Rennes, bien que traditionnellement ancrée à gauche, voit une division marquée entre ses forces politiques alors qu’approche le second tour des municipales. La maire sortante, Nathalie Appéré, a obtenu 34,5 % des voix, tandis que son adversaire insoumise, Marie Mesmeur, a terminé en troisième position avec 18,6 %. Appéré, au pouvoir depuis 2014, a exclu toute alliance avec la France Insoumise (LFI) pendant la campagne, un choix qualifié « d’incompréhensible » par Mesmeur, rapporte TopTribune.
Après les résultats, Marie Mesmeur a de nouveau appelé à l’union de la gauche, soulignant le risque d’une victoire de la droite, représentée par Charles Compagnon, arrivé en deuxième position avec 22,47 % des suffrages. Cependant, cette offre a été promptement rejetée par Appéré, qui a noté l’« important éparpillement des voix de gauche » tout en conservant sa distance par rapport à Mesmeur, qu’elle considère comme une opposante.
« Rennes aspire à un programme de rupture »
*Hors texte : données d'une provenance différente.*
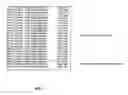 Fig. 02 - Target and method for inhibition of bacterial RNA polymerase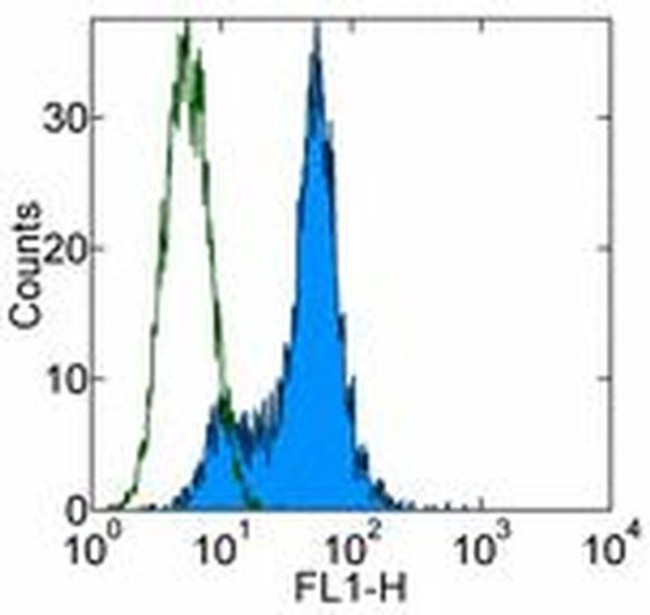 JAML Antibody in Flow Cytometry (Flow)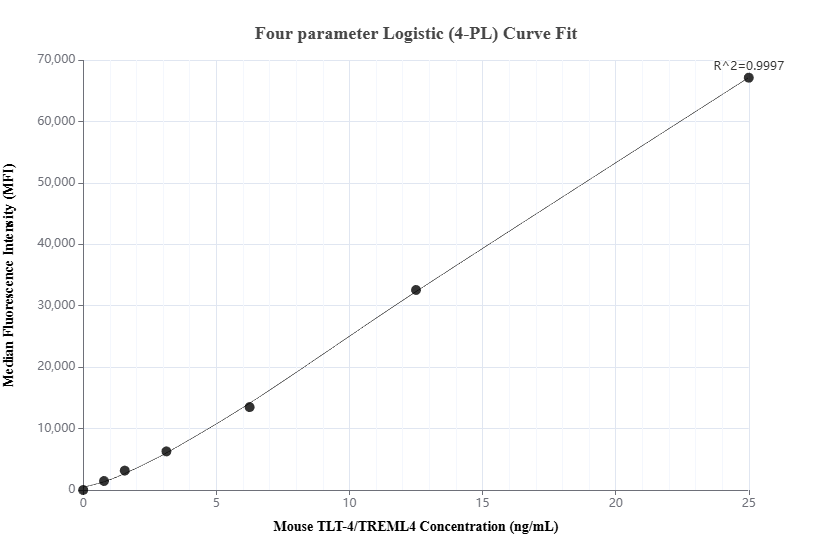 Cytometric bead array standard curve of MP03163-1, MOUSE TLT-4/TREML4 Recombinant Matched Antibody Pair, PBS Only. Capture antibody: 87709-2-PBS. Detection antibody: 87709-1-PBS. Standard: Eg7514. Range: 0.781-25 ng/mL.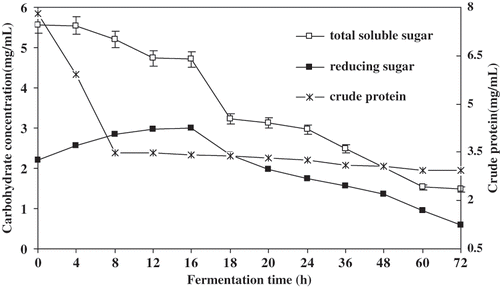 Figure 4 Changes of carbohydrate and crude protein during tofu whey fermentation. Values represent the means + standard deviation (SD) of n = 3 duplicate assays. Error bars were placed on only one curve to illustrate variation.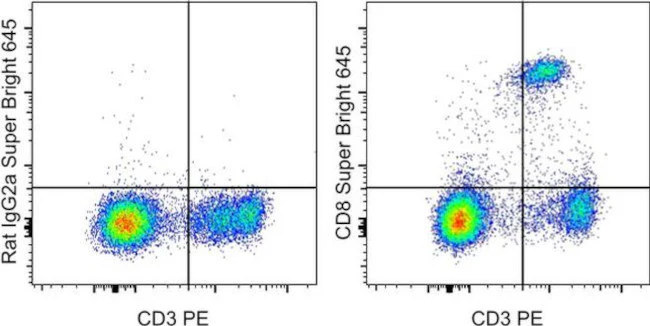 CD8a Monoclonal Antibody (53-6.7), Super Bright 645, eBioscience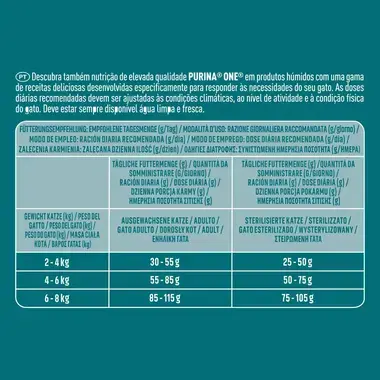 PURINA® ONE® High Protein Rico em Salmão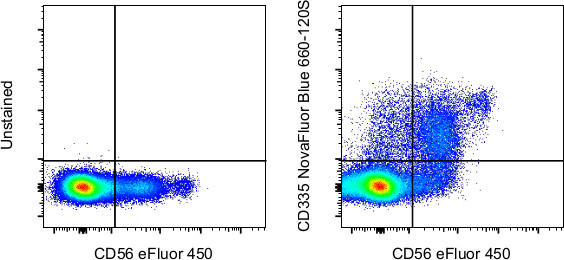 CD335 (NKp46) Antibody in Flow Cytometry (Flow)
Mesmeur dénonce l’« irresponsabilité » d’Appéré et de ses alliés écologistes, en affirmant : « On ne peut pas bloquer l’union et se présenter comme la candidate de l’unité ». Elle insiste sur le fait que le scrutin du dimanche a désavoué la maire sortante, arguant que son score a été divisé par deux, alors que son propre nombre de voix a quadruplé par rapport aux élections de 2020. Mesmeur prétend également disposer d’une importante réserve de voix, convaincue que Rennes cherche un « programme de rupture » face à l’immobilisme. Ce scénario promet un duel âpre entre la gauche fracturée et la droite, remettant en question l’avenir politique de la ville.